- **Web page caption snippets**
- - - - -
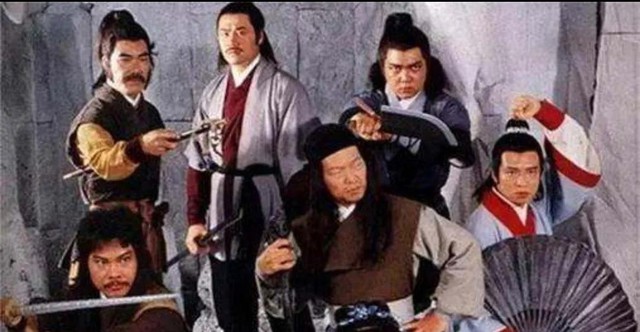 7 đồ đệ mà Tiêu Viễn Sơn bí mật thu nhận: Được cao thủ hàng đầu khen ngợi 7 đồ đệ mà Tiêu Viễn Sơn bí mật thu nhận: Được cao thủ hàng đầu khen ngợi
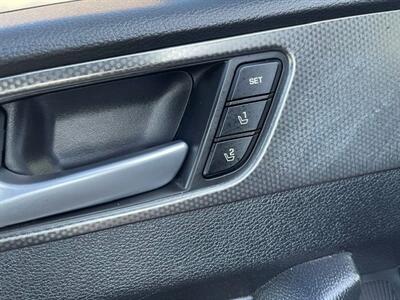 2015 Hyundai Sonata Sport 2.0T  Limited - Photo 12 - Huntington Beach, CA 92647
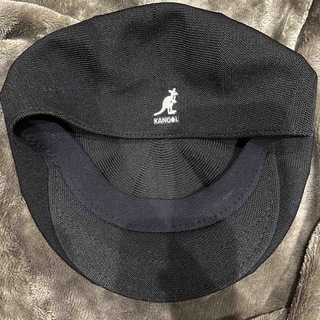 カンゴール(KANGOL)のKANGOL(カンゴール) 帽子 ハンチング帽(ハンチング/ベレー帽)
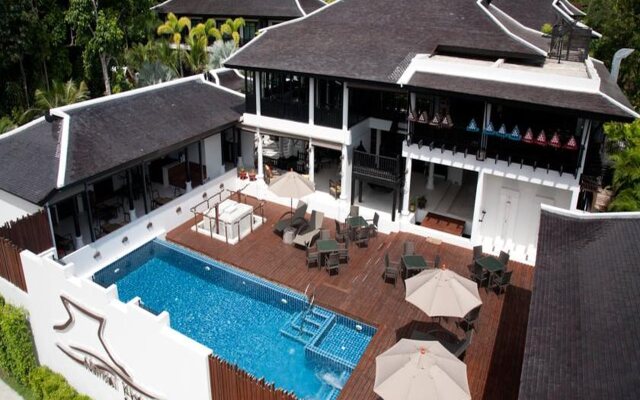 Numsai Khaosuay Resort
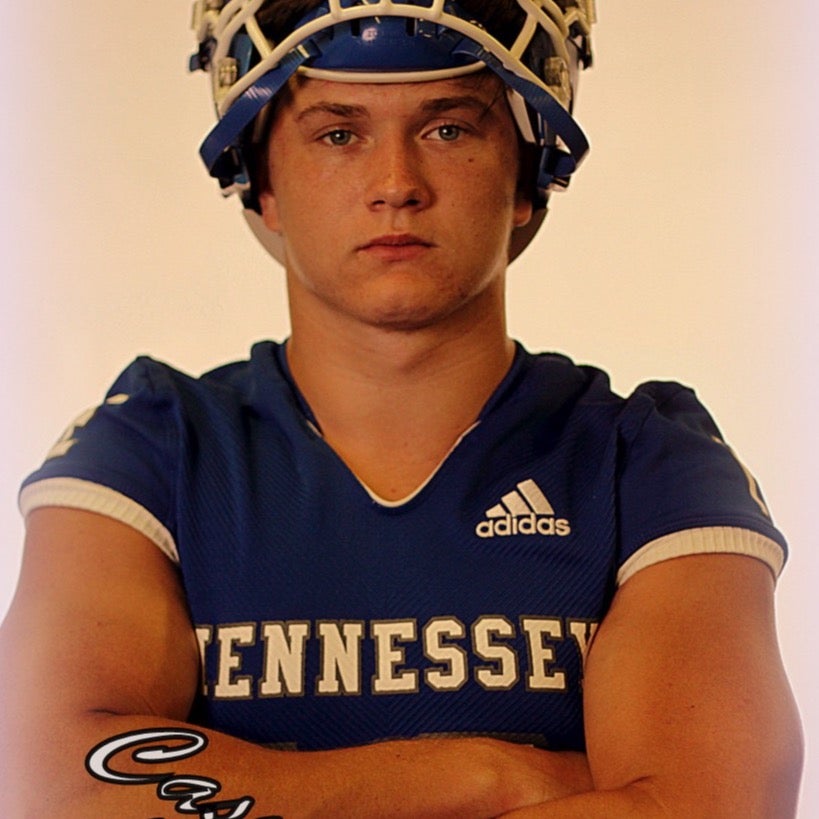 Casyn Lott mugshot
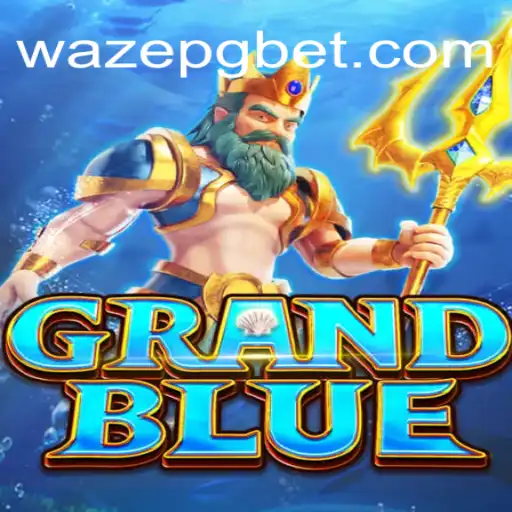 Explorando o Mundo de GRANDBLUE e a Influência do Waze PG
- - - - -
- **TASK DETAILS**
Omit every picture while transcribing the records above exactly.

- **ANSWER TO THIS TASK**
 7 đồ đệ mà Tiêu Viễn Sơn bí mật thu nhận: Được cao thủ hàng đầu khen ngợi 7 đồ đệ mà Tiêu Viễn Sơn bí mật thu nhận: Được cao thủ hàng đầu khen ngợi
 2015 Hyundai Sonata Sport 2.0T  Limited - Photo 12 - Huntington Beach, CA 92647
 カンゴール(KANGOL)のKANGOL(カンゴール) 帽子 ハンチング帽(ハンチング/ベレー帽)
 Numsai Khaosuay Resort
 Casyn Lott mugshot
 Explorando o Mundo de GRANDBLUE e a Influência do Waze PG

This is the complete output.